The well-preserved skull has 110 teeth, including four one-inch fangs and air spaces around the braincase, much like those found in birds. It’s believed its skin was covered in course fibers that looked much like stiff hair.
More from Saints and Sinners
While Saints and Sinners still has much more to reveal, the team has removed enough massive sandstone blocks from the quarry to keep them busy in the lab for many years to come.
Discovering a previously undiscovered genus is always an achievement worth celebrating. But finding a site with as many specimens from that era as the Saints and Sinners quarry is significantly more exciting, Engelmann says.
“You almost expect to find new species in a locality like we have,” he says. “The amazing thing was finding the locality at all because this an interval geologic time, the late Triassic. It’s not terribly well known anywhere.”
Since the discovery, Engelman has incorporated some of the findings from the Utah digs and the subsequent lab work at BYU into coursework for his undergraduate vertebrate paleontology courses. Over the past 10 years, many UNO geology students have also taken their education outside the classroom and journeyed with Engelmann to participate in field studies in Utah, primarily focusing on preserved dinosaur tracks.

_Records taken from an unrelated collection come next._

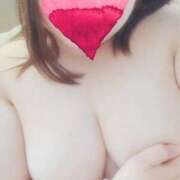 ヒメ日記 2025/08/23 16:57 投稿 いろは 長崎佐世保ちゃんこ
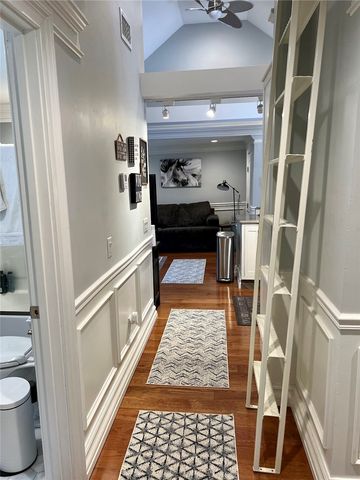 9 Old Jenckes Hill Road 3, Lincoln, RI 02865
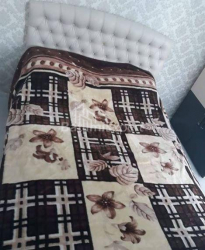 Mənzil 2-комн 40 m² - Tbel-Abuseridze, Batumi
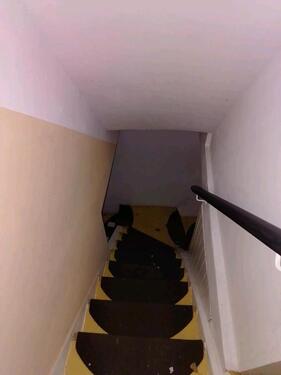 Foto - Etagenwohnung in Landsberied zur Miete
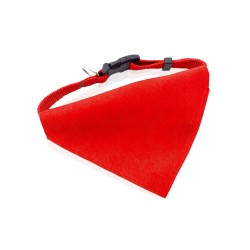 Collar Bandana Roco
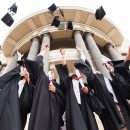 Higher-Education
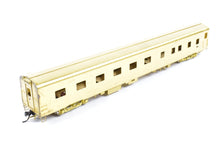 Load image into Gallery viewer, HO Brass Cascade Models UP - Union Pacific 12-4 Western Sleeper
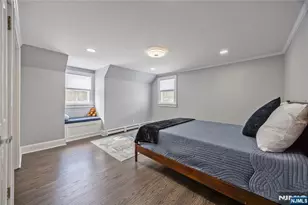 202 Chestnut Ridge Rd, Saddle River, NJ 07458 - Photo 32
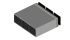 FISCHER LA HLV 3 300 230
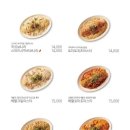 홍익돈가스 속초점 이미지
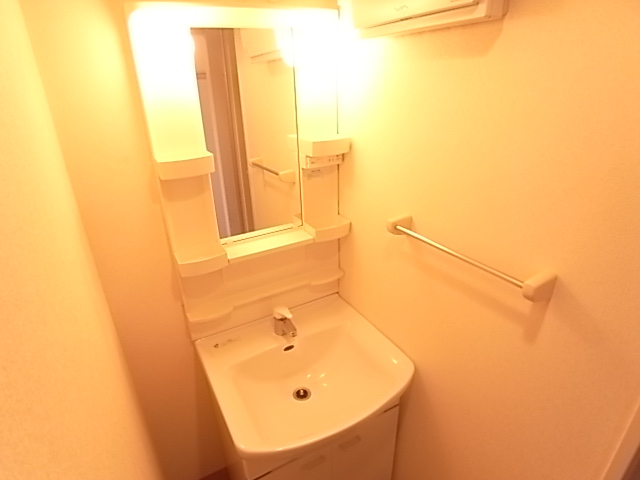 セレニティーホームズＡ その他2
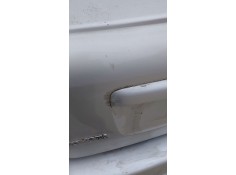 Recambio de porton trasero para toyota avensis sedán (_t25_) 1.8 (zzt251_) referencia OEM IAM    2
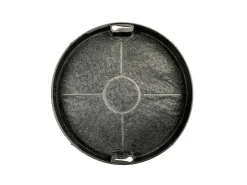 Best AIR2GO Aktivkohlefilter Als Ersatz für Samsung MA-CF302 2 Stück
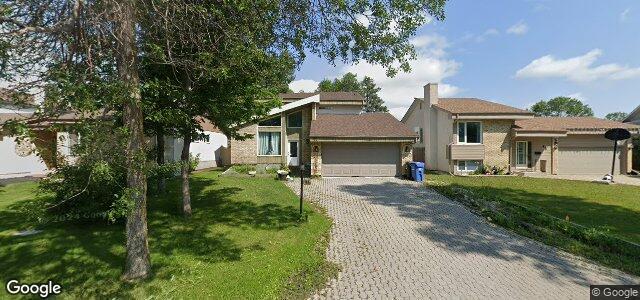 41 Binscarth Street ਦੀ ਫੋਟੋ, ਵਿਨੀਪਿਗ, ਮੈਨੀਟੋਬਾ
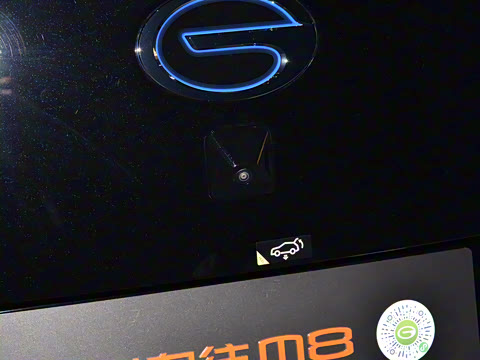 2025�� Ǭ��ϵ�� Ultra ͷ�Ȳ�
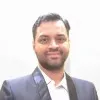 Jagdish Bhogate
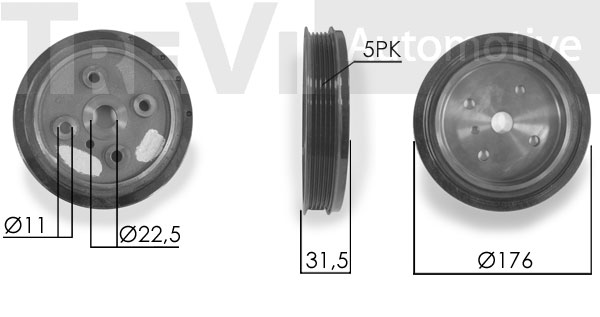 PC1189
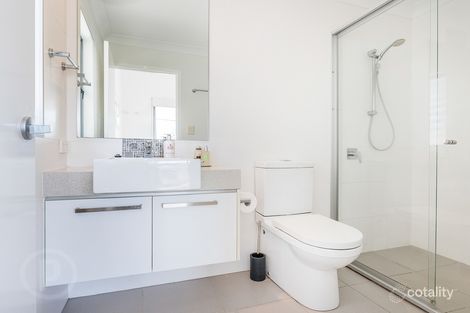 Property photo of 87A Belgrave Street Morningside QLD 4170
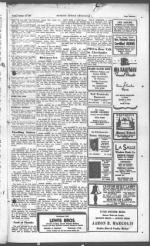 image of October 10, 1947 - number 19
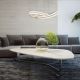 RABALUX Visilica Tulio LED 60W - 5891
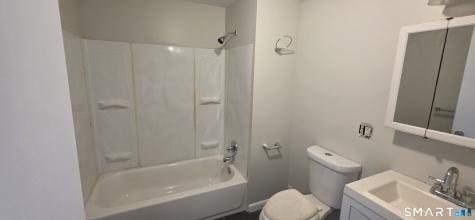 736 Savin Avenue West Haven CT 06516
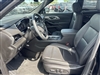 2023 Chevrolet Traverse LT Leather - thumbnail 18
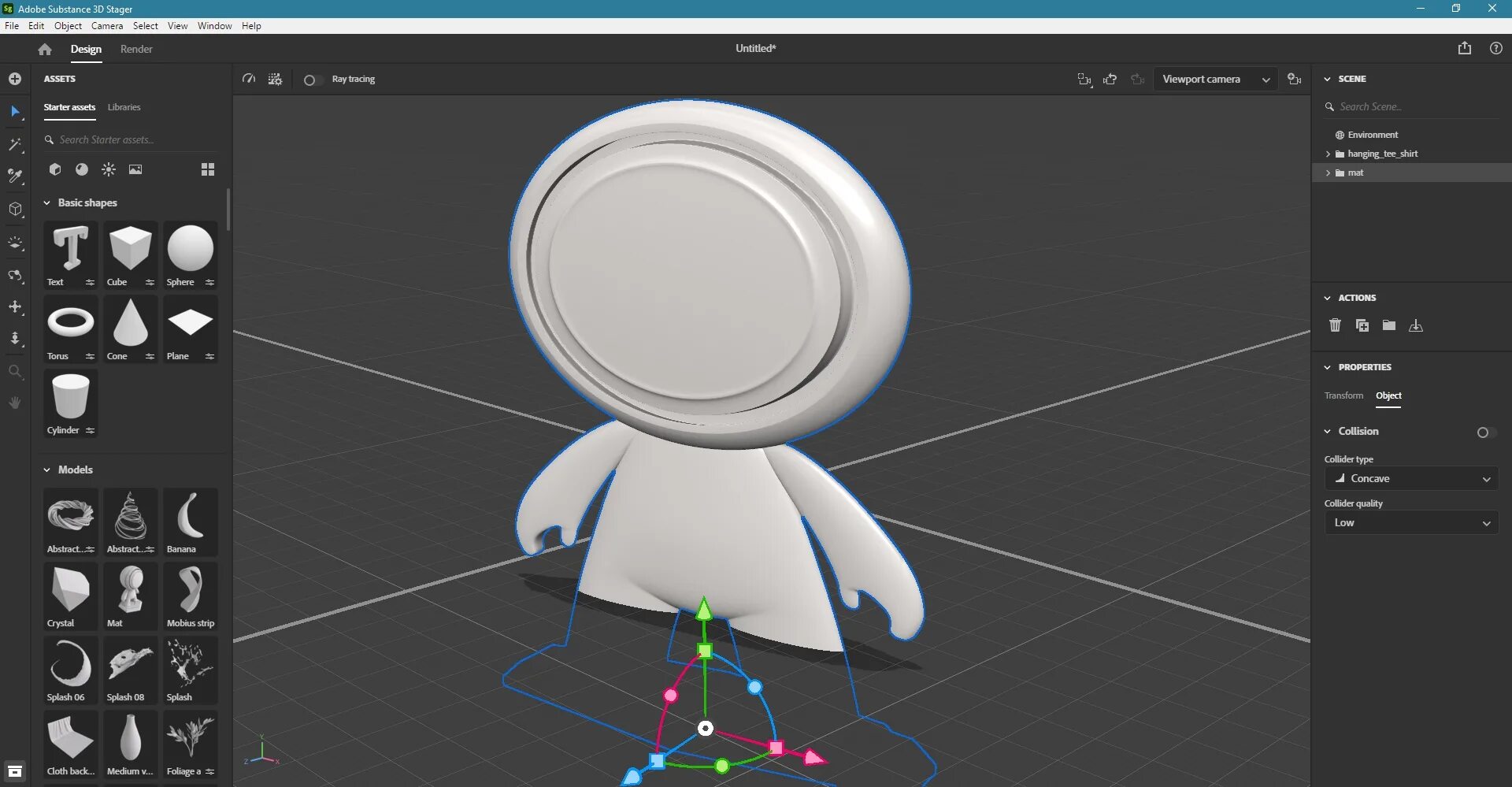 Add 3d. Адоб субстанс 3д. Adobe substance 3d. 3д программы адобе. Адоб субстанс 3д дизгинер.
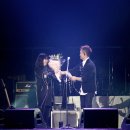 전규호 카카오 검색결과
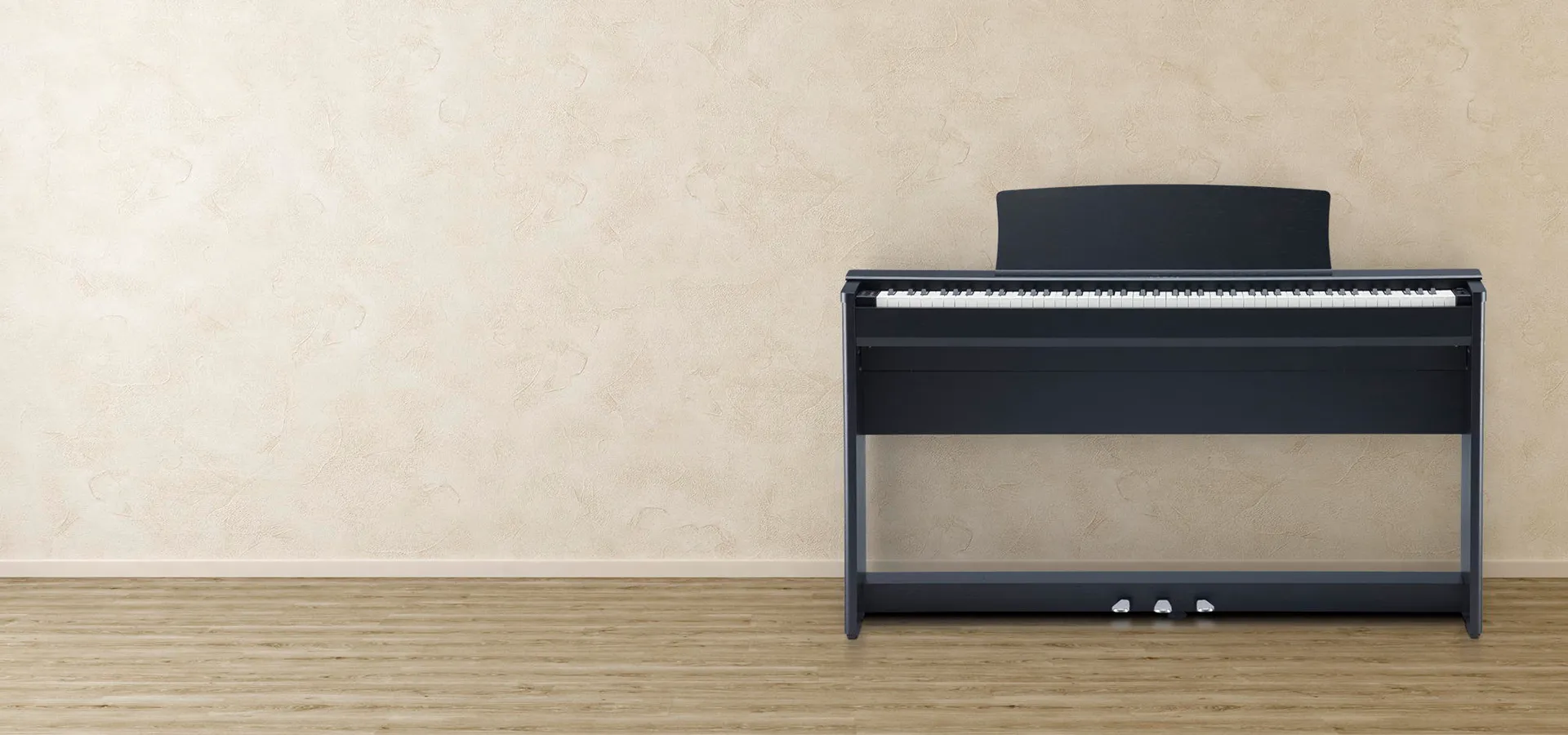 dan-piano-kawai-cl36-musiccity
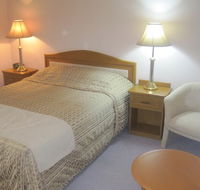 Tarcutta Halfway Motor Inn - Accommodation Yamba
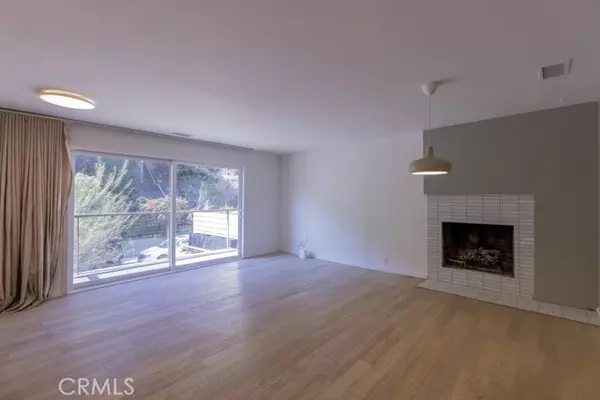 Los Angeles, CA 90065,336 Museum Drive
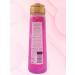 Camay Shampoo rose and vanilla 1 x 400 - Buy Online on GoSupps.com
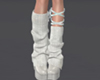 Hi Cutie Lights Boots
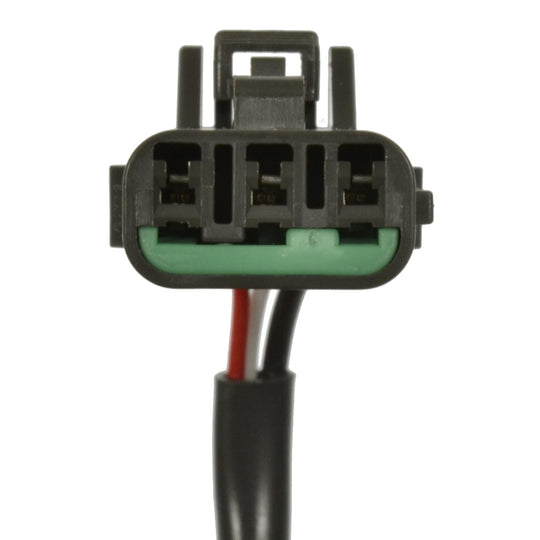 SC618 Standard Import Vehicle Speed Sensor Standard Import Canada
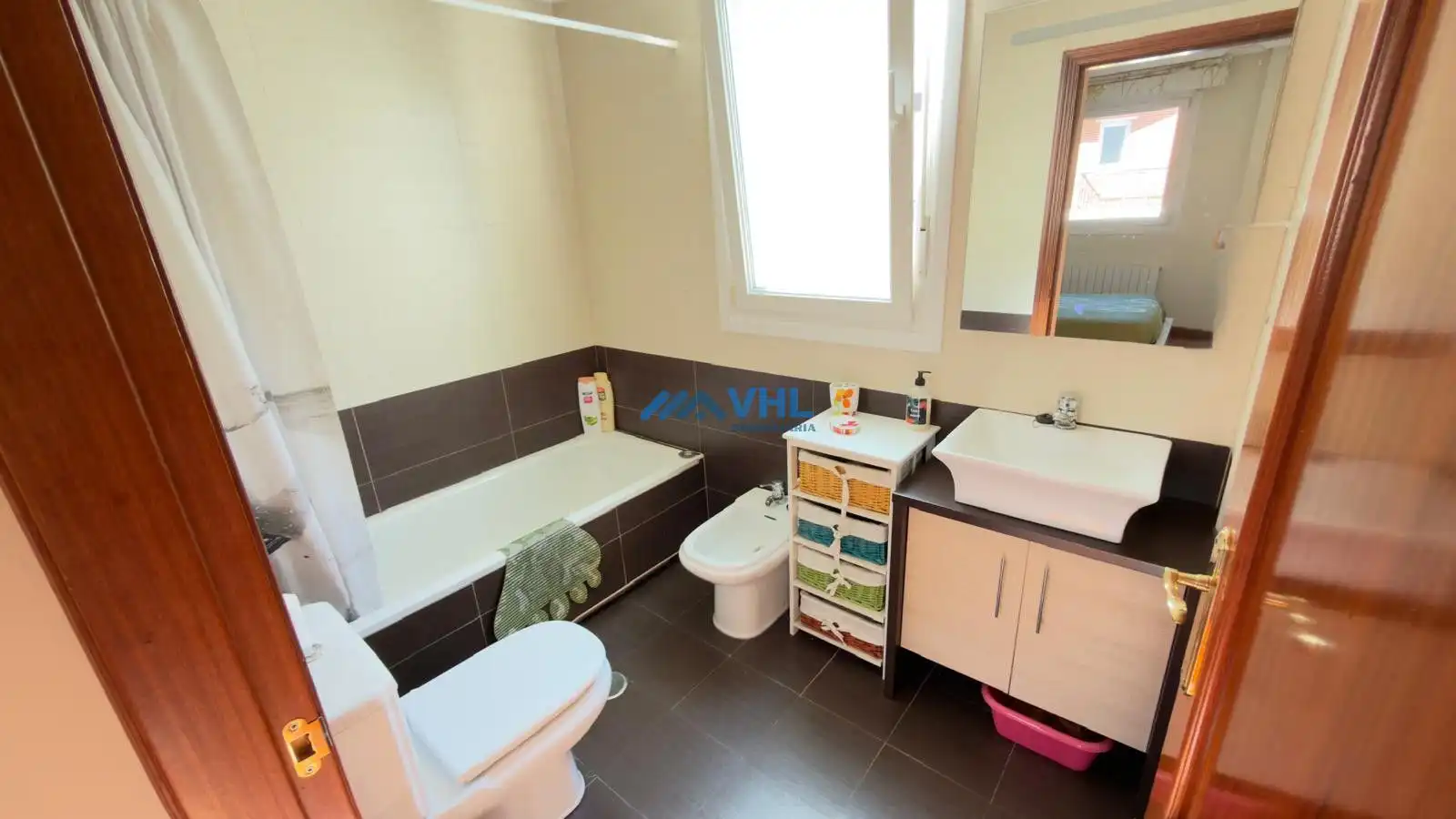 Maison jumelée avec jardin à vendre à N-634, imagen 25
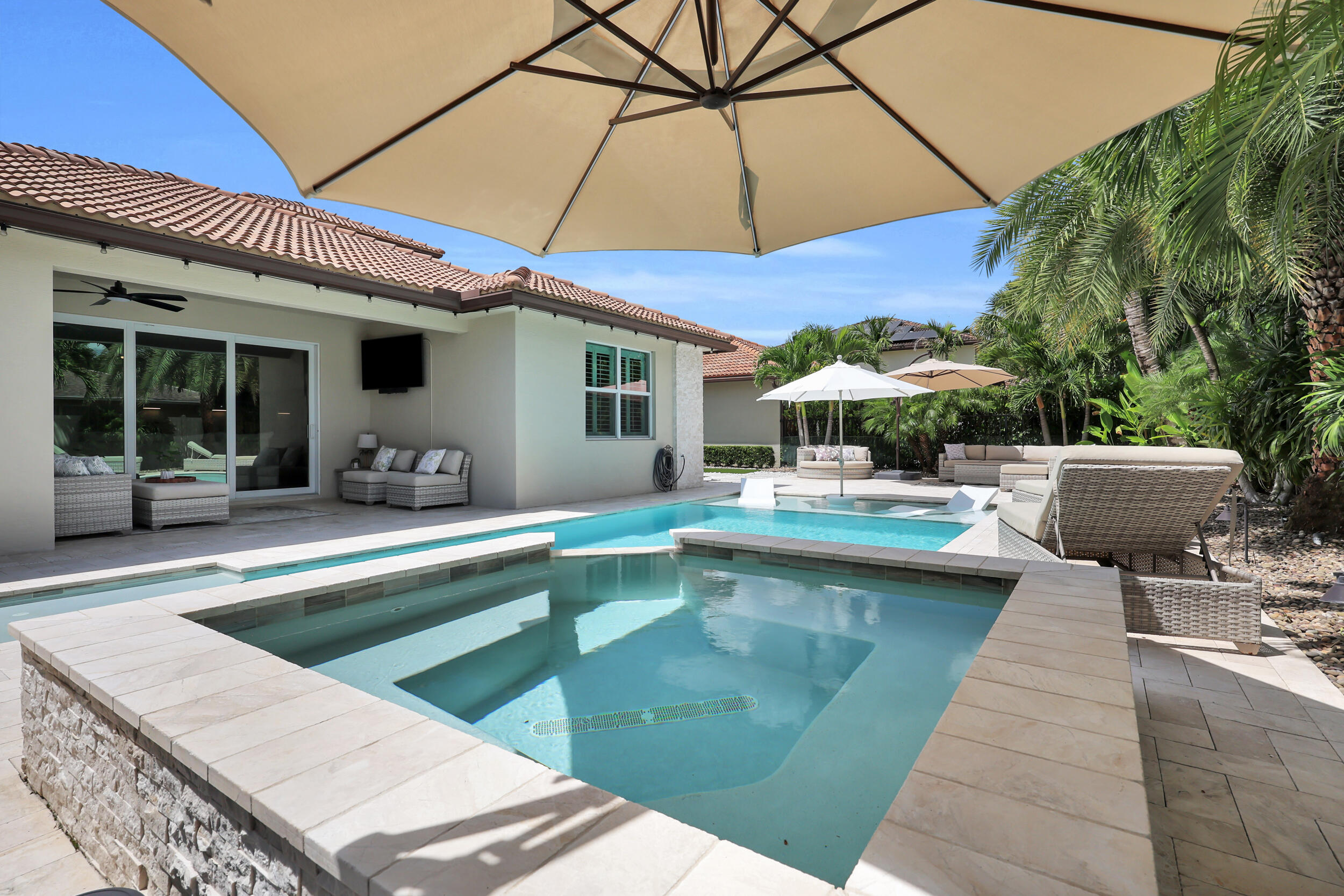 7147 Limestone Cay Road Limestone Creek, FL 33458 - Photo 60 of 73 013_Jnyi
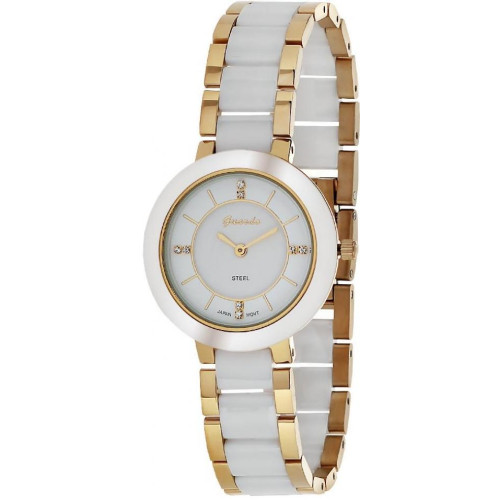 Часы Guardo S9294 G W 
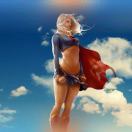 SupergirlJJ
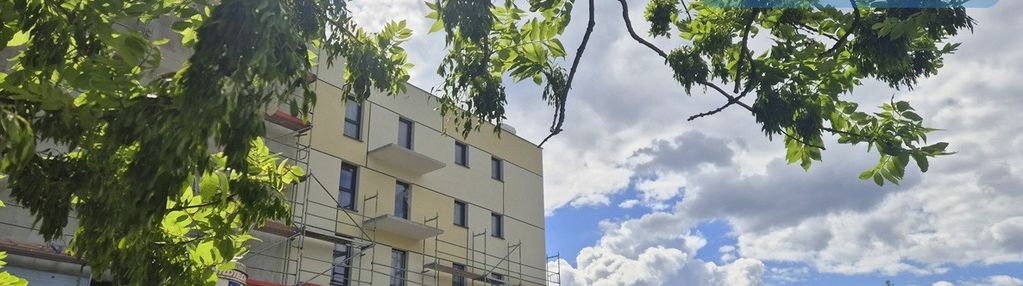 Miejsce postojowe 5000 zł❗️rabaty❗️2 balkony❗️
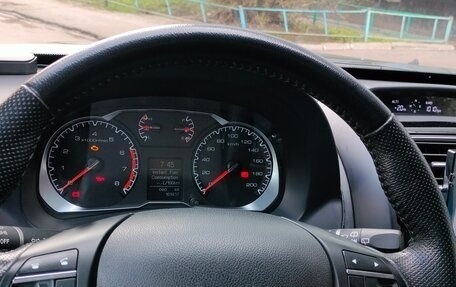 Haval H5 I, 2020 год, 1 550 000 рублей, 4 фотография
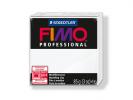 Fimo Professional 85gr - 0 Blanco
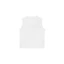 Áo Ba Lỗ VƯỢT MỨC PICKLEBALL Áo Tanktop Redlabel TT78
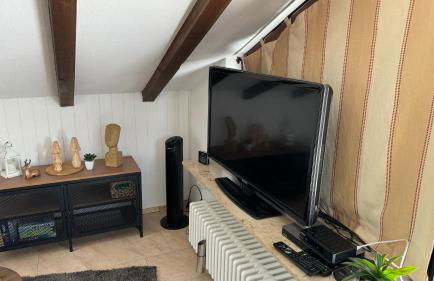 Urlaub im Schwarzwald - Photo 12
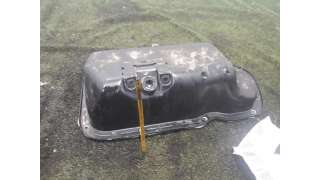 CARTER CITROEN C3 I (2002-) 1.4 I BIVALENT 73CV 1360CC - L.4710261 / 9813973280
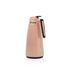 699,00?* Schafer Kitchenhouse Aqua Termos 1,5 L-Pudra 2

Engelmann, who has taught at UNO since 1980, traces his passion for dinosaurs back to his childhood in Chicago, where he remembers marveling at depictions of prehistoric beasts in National Geographic magazine and at local museums. He later earned his bachelor’s degree at Principia College and his master’s and doctorate degrees from Columbia University. Today, he specializes in vertebrate paleontology, evolutionary biology, mammalian evolution, paleoecology, mesozoic stratigraphy of western North America, and geology of Dinosaur National Monument.
Engelmann knows he and his fellow researchers have only scratched the surface of what the Saints and Sinners quarry has to offer, and he looks forward to discovering more history hidden in the stone and sharing his findings.
“At this point, we have 25,000 bones,” he says. “A lot of this is new material and so our research agenda is to get this stuff written up and published because that’s the understanding in science when you find stuff out, you’ve got to share it.”